Let’s take a look with the tk.glimpse() function.

Code
stocks_df = tk.load_dataset("stocks_daily", parse_dates = ['date'])

stocks_df.glimpse()
<class 'pandas.core.frame.DataFrame'>: 16194 rows of 8 columns
symbol:    object            ['META', 'META', 'META', 'META', 'META', 'M ...
date:      datetime64[ns]    [Timestamp('2013-01-02 00:00:00'), Timestam ...
open:      float64           [27.440000534057617, 27.8799991607666, 28.0 ...
high:      float64           [28.18000030517578, 28.46999931335449, 28.9 ...
low:       float64           [27.420000076293945, 27.59000015258789, 27. ...
close:     float64           [28.0, 27.770000457763672, 28.7600002288818 ...
volume:    int64             [69846400, 63140600, 72715400, 83781800, 45 ...
adjusted:  float64           [28.0, 27.770000457763672, 28.7600002288818 ...

2 Visualizing Financial Data

Visualizing financial data is critical for:

  1. Quick Insights
  2. Enhanced Decision Making
  3. Performance Monitoring
  4. Ease of Reporting

We can visualize financial data over time with tk.plot_timeseries():

  • An interactive plotly plot is returned by default.
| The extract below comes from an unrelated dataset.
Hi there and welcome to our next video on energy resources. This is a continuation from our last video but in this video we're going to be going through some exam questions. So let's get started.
A static plot can be returned by setting engine = "plotnine".
  • A blue smoother is added by default. The smoother can be removed with smooth = False.
  • Click here to see our Data Visualization Guide
  • Use help(tk.plot_timeseries) to review additional helpful documentation.
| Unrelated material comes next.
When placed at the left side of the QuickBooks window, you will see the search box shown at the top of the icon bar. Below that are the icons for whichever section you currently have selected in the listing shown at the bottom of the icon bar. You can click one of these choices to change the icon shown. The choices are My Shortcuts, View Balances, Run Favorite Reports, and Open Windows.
An interactive plotly plot is returned by default. Interactive is useful for fast data exploration and for use in web apps (e.g. streamlit, shiny, dash), Click to expand code template.

Code
# plotly engine
stocks_df \
    .groupby('symbol') \
    .plot_timeseries(
        'date', 'adjusted',
        facet_ncol = 2,
        smooth = True,
        smooth_frac = 0.10,
        width = 900,
        height = 700,
        engine = 'plotly',
    )

You can quickly change to a static plot using the plotnine or matplotlib engines. This returns a professional facetted stock chart useful for financial reports. Click to expand code template.

Code
# plotnine engine
stocks_df \
    .groupby('symbol') \
    .plot_timeseries(
        'date', 'adjusted',
        facet_ncol = 2,
        smooth = True,
        smooth_frac = 0.10,
        width = 900,
        height = 700,
        engine = 'plotnine'
    )

<Figure Size: (900 x 700)>

3 Technical Indicators

Technical indicators are mathematical calculations based on the price, volume, or open interest of a security or contract used by traders who follow technical analysis. Technical analysis is a method of forecasting the direction of financial market prices through the study of past market data, primarily price, and volume. Technical indicators are most extensively used in the context of the stock market but are also used in other financial markets like forex, commodities, and cryptocurrencies.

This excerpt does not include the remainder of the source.